Anti-HEV IgG Avidity Testing: Utility for Diagnosing Acute and Resolved Genotype 3 Infections

Abstract

European Association of the Study of the Liver (EASL) guidelines specify HEV RNA, as well as anti-HEV IgG and IgM as positive markers for acute HEV infection. HEV RNA assay sensitivity limitations may lead to false negative test results in patients with low levels of viremia. Moreover, anti-HEV IgM positivity is not a reliable indicator for distinguishing between acute and resolved infections given the ability of this antibody to persist several months after a resolved infection. Our study aims were to assess HEV IgG avidity for diagnosing acute and resolved infections, regardless of the anti-HEV IgM serostatus, and examine assay reliability when evaluating different genotype 3 (GT3) HEV subtypes. Patient serum samples (n = 104) were tested for HEV IgG avidity by utilizing the DIA.PRO kit on a DSX automated instrument. Among patients identified with acute HEV infections, 32 were infected with GT3: GT3c (n = 5), GT3e (n = 8), 3f (n = 17) and GT3-unsubtyped (n = 2). Avidity sensitivity was 91.2% and specificity was 100%. For patients with long-lasting anti-HEV IgM persistence, an Avidity Index >70% was observed. Thus, the DIA.PRO avidity assay may be utilized to distinguish between recently acquired and resolved HEV GT3 infections. However, for equivocal results (Avidity Index > 40-70%), HEV RNA molecular testing will be required to confirm a recent infection.
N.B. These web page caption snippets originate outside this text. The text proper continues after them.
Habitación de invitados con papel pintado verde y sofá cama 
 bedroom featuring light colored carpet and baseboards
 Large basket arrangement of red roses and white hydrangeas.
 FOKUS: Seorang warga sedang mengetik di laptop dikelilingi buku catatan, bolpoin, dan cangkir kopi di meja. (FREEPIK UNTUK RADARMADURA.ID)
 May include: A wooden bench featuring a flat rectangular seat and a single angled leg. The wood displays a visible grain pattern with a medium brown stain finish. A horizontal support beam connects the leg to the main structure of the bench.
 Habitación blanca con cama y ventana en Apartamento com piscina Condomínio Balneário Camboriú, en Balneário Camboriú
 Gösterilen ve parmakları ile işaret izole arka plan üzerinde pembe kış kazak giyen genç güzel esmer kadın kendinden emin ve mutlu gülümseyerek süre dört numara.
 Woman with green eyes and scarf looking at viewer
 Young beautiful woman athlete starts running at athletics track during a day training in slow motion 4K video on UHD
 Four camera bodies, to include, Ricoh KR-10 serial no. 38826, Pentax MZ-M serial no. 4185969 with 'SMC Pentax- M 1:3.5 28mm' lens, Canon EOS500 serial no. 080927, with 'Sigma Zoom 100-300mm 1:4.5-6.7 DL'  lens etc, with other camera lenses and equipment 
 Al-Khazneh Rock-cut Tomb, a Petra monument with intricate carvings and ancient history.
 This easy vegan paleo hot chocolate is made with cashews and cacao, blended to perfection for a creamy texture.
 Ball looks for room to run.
Keywords: HEV RNA; HEV acute hepatitis; HEV genotype 3; IgG avidity test; IgM; hepatitis E virus.

Figure 1

Subtyping of HEV GT3 patient-derived samples by phylogenetic analysis. Twenty-seven ORF2 patient-derived sequence fragments (shown in red) and reference sequences ([4], GenBank accession numbers shown) were used for the construction of a maximum-likelihood tree. Bootstrap values were based on 500 replicates. Bootstrap values > 60% are indicated on respective branches. The scale bar represents nucleotide substitutions per site. GenBank accession number of patient sequences are reported in Table S1 (see Supplemental Material).

Figure 2

Phylogenetic analysis based on partial open reading frame 1 (ORF1) (125 nt, nt78–202 of the HE-JA04–1911 isolate, GenBank accession number AB248521) sequences from patient-derived samples with a negative ORF2 RT-PCR result. The phylogenetic tree includes the prototype strains as indicated by Smith et al. [4] The maximum-likelihood tree was constructed with a bootstrap of 500 replicates. Bootstrap values > 60% are indicated on respective branches. The scale bar represents nucleotide substitutions per site. Supplementary data on sequence accession number of patients are provided in Table S1 (see Supplemental Material).

Figure 3

Correlation between HEV GT3 subtypes (GT3c, n = 5; GT3e, n = 8; GT3f, n = 17) and the mean Avidity Index, which was calculated for Group A GT3 patients. Boxes represent the first and third quartiles and the black line represents the median value. p-values were calculated using the Mann–Whitney test.

Figure 4

Group C patient samples with persistent (>24 months) anti-HEV IgM positivity were tested using the anti-HEV IgM rapid test. C+, positive control (HEV RNA positive, anti-HEV IgM positive, acute infection); C-, negative control (anti-HEV IgG positive, anti-HEV IgM negative, resolved HEV infection).

Figure 5

Power of the IgG avidity test in prediction of recent and prior (resolved) infections when considering HEV RNA positivity and clinical manifestations. Neg, patients who are HEV RNA negative and anti-HEV IgM negative. The kappa statistic was employed to measure the agreement between the Avidity Index (AI), HEV RNA, serological markers and clinical symptoms (see Section 3).